You may enter an unlimited number of alternative asset mixes in the spreadsheet. One way to add additional asset mix rows to the spreadsheet is to right-click on the spreadsheet and select “Insert Row Below Alt+Ins” from the menu.

During a stochastic forecast, asset mix returns can be calculated based on either continuous or annual rebalancing. If you select Calculate asset mix return using: Annual rebalancing, returns will be calculated using an arithmetic average, essentially the sum of the weighted expected return for each asset class. For example, if 30% of the portfolio is in an asset class with an 8% return and the other 70% has a 5% return, the annual rebalancing arithmetic average total return is calculated as is (30% * 8%)+(70% * 5%) = 5.9%. For Continuous rebalancing, returns will be calculated using a geometric average. In our same example, the continuous rebalancing geometric average is [(1.080.3)(1.050.7)-1]=5.89%. The arithmetic average return will always be greater than the geometric average return. If returns are calculated on a continuous rebalancing basis, it can be shown that the allocation amongst asset classes will be the same at every point in time during the year.
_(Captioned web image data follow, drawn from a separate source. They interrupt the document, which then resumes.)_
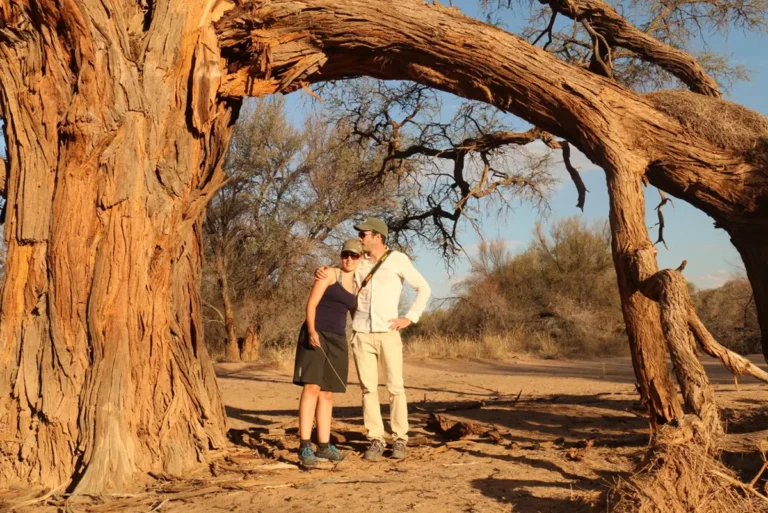 Walking amongst ancient acacias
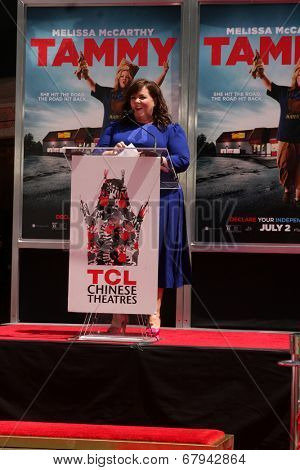 LOS ANGELES - JUL 2:  Melissa McCarthy at the Melissa McCarthy Hand and Footprint Ceremony at the TCL Chinese Theater on July 2, 2014 in Los Angeles, CA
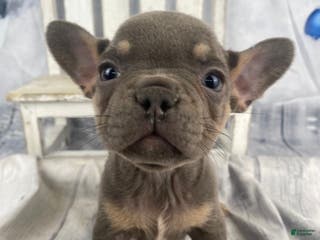 French Bulldog dogs Hunter - Ad 35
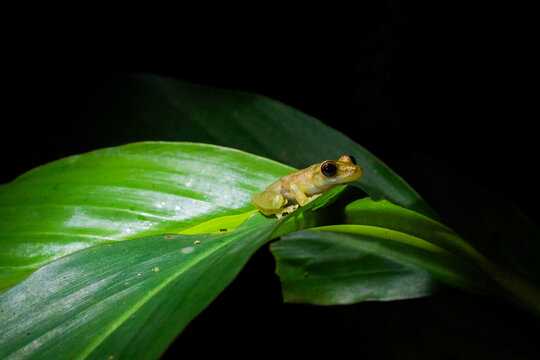 An Hourglass Tree Frog in Costa Rica.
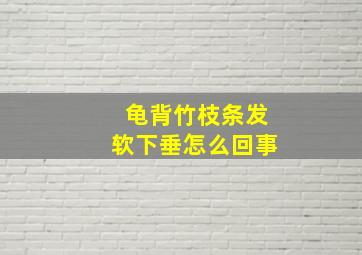 龟背竹枝条发软下垂怎么回事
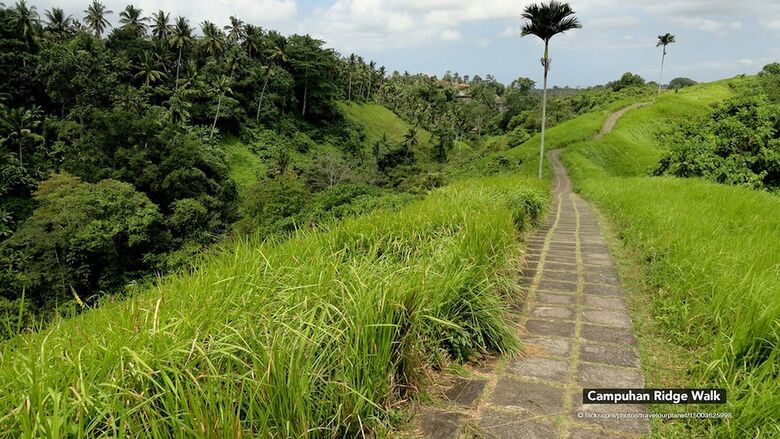 Hotel Zen Premium Ubud Bisma 3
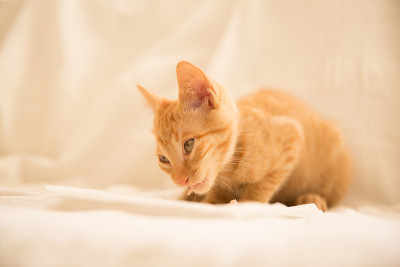 红色的毛茸茸的小猫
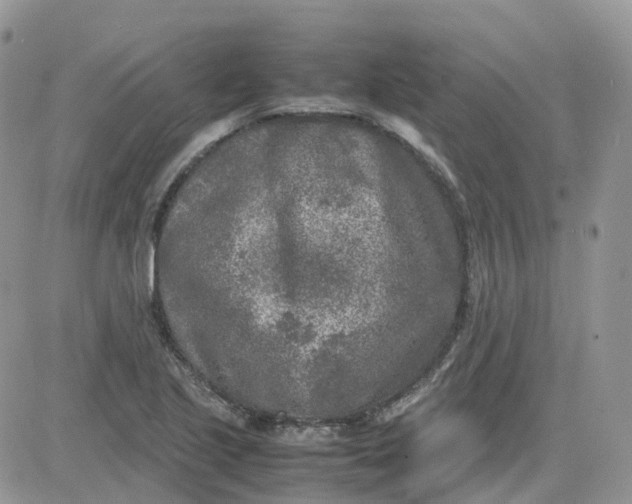 X0000081571221200701291206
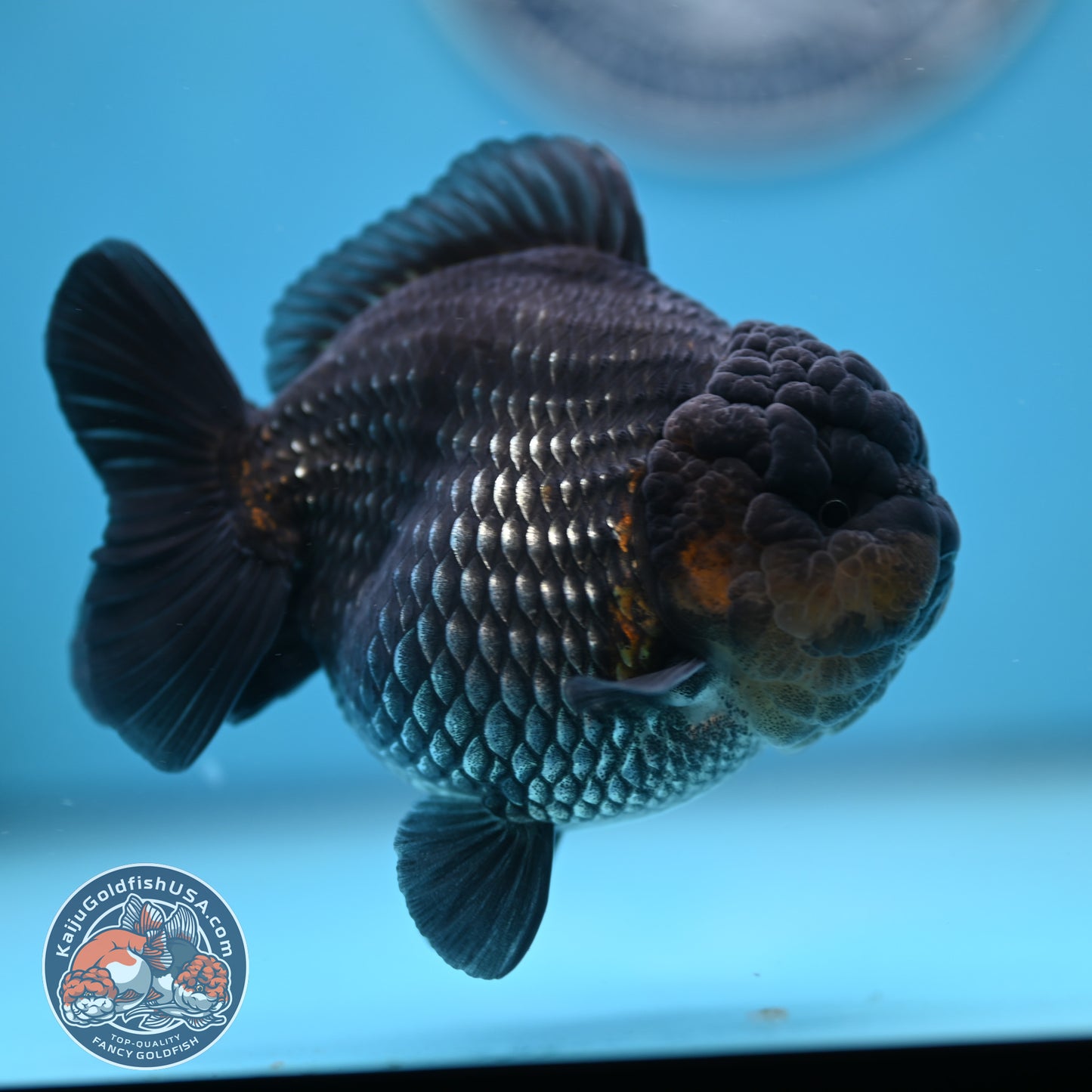 Shogun Metallic Oranda 4 inches Body (250606_OR03)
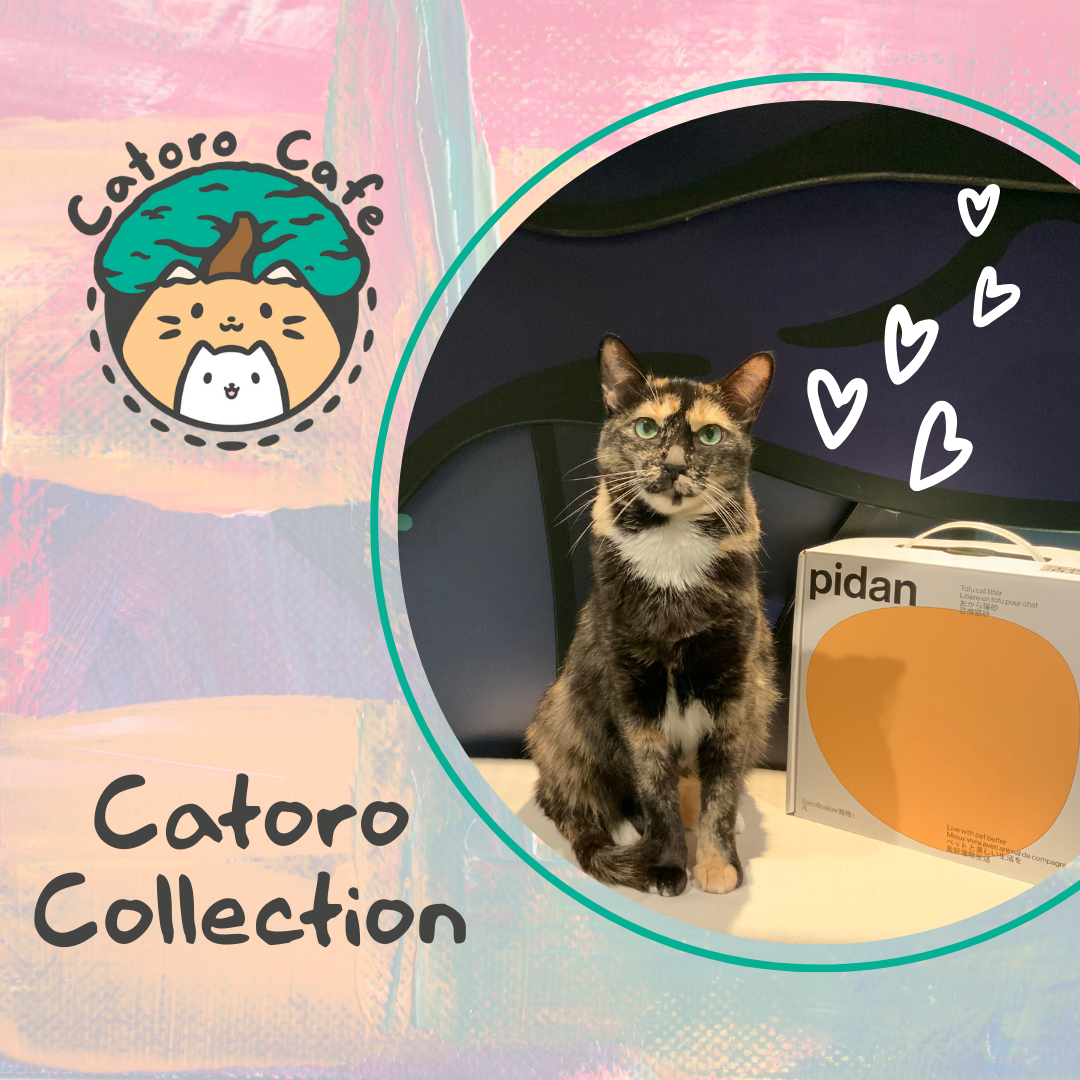 Catoro Collection - Pidan Litter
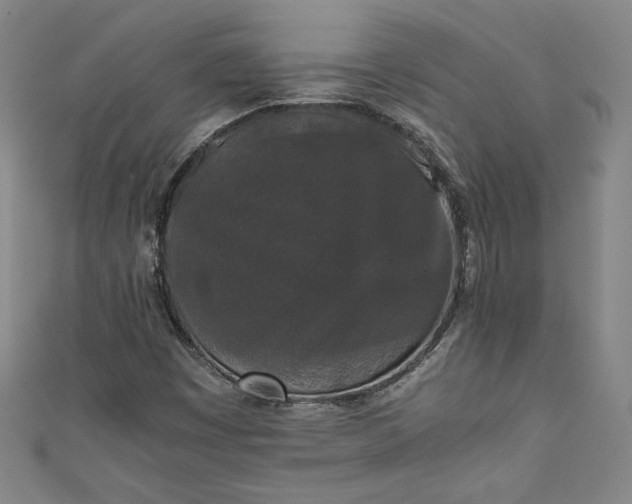 X0000111451449200907271221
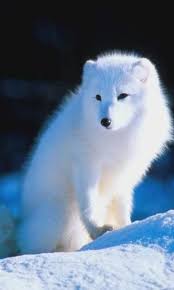 Arctic Fox Wallpapers Amazon Com Appstore For Android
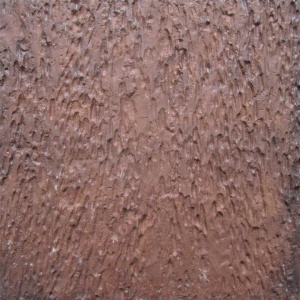 กระเบื้องคอนกรีตปูพื้น เอสซีจี รุ่น เอิร์ธเพฟ ลายเชสวูด 3 สีวอลนัท.jpg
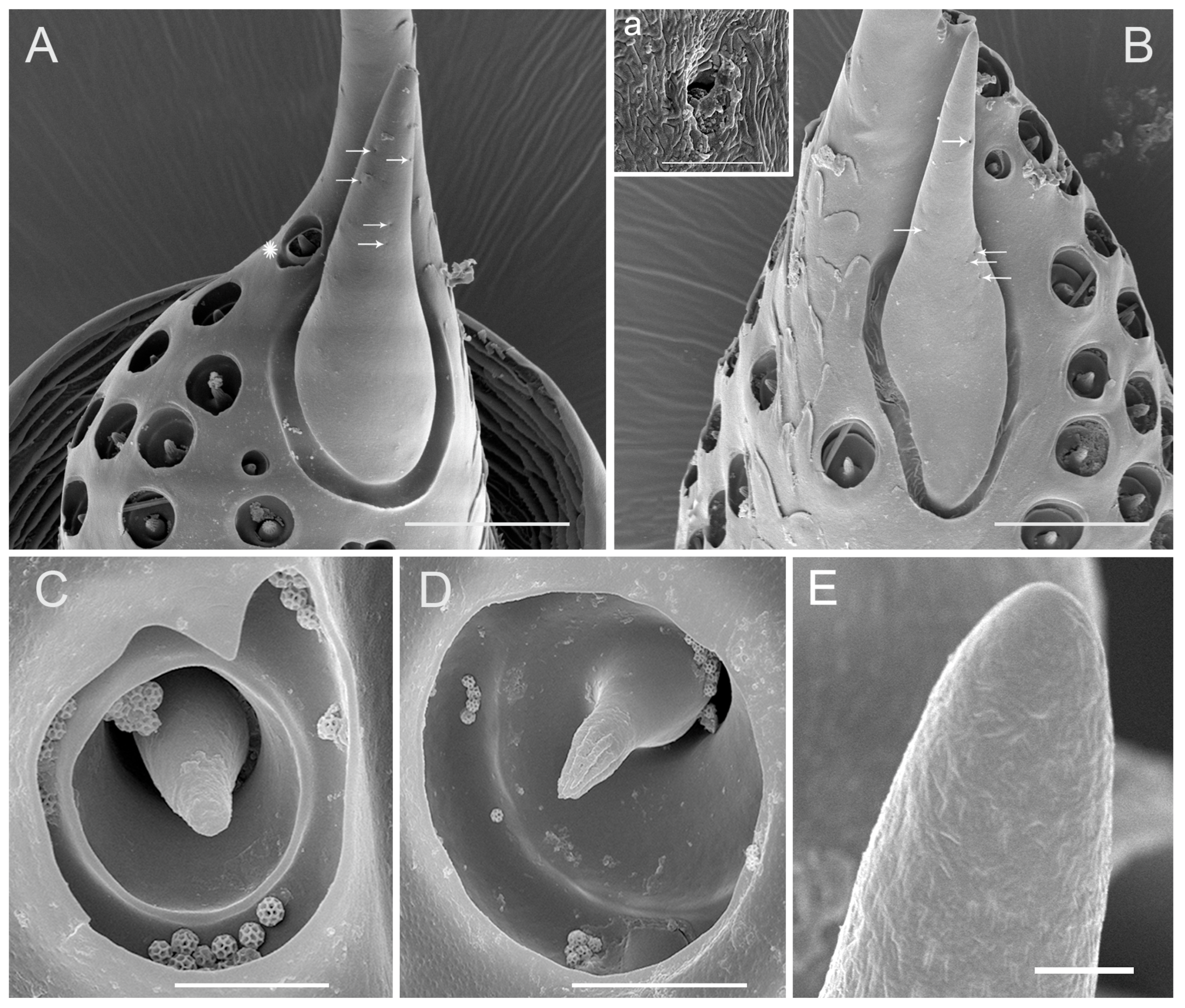 Insects 10 00056 g009 Insects 10 00056 g009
This is not the case for the arithmetic average basis where classes with better returns will become a greater portion of the asset mix over the course of the year.  Only geometric returns (Continuous rebalancing) will produce long term compound nominal returns that are comparable to the expected return that one would hand calculate for the asset mix: a weighted average of the expected return for each asset class where the weight is the allocation to that class.

For leveraged asset mixes (where some asset allocations are less than zero), asset and income returns are forced to be greater than negative one and turnover is forced to be between zero and one. 

Check the Dynamic asset allocation based on: box to choose an asset mix each year in accordance with a decision rule. Three dynamic allocation structures are available. Asset allocation may vary by stochastic trial if the decision rule is a function of economic factors such as the plan's funded ratio and/or interest rates.  The third option is to vary asset allocation by year. The decision rule is then defined by entering mix numbers into a spreadsheet.

The Allow re-risking checkbox and the ability to delay the dynamic asset allocation are available for Dynamic asset allocation based on: either Funded ratio or Funded ratio and interest rates.  

If Allow Re-risking is not checked, the historically highest funded ratio for each stochastic trial will be used for table lookup purposes. If the checkbox is checked, the current funded ratio will be used. 

Dynamic asset allocation may be delayed by checking the During a deferral period of x year(s), use asset mix # y checkbox.  After checking the box, enter the deferral period and the Mix # to be used during the deferral period.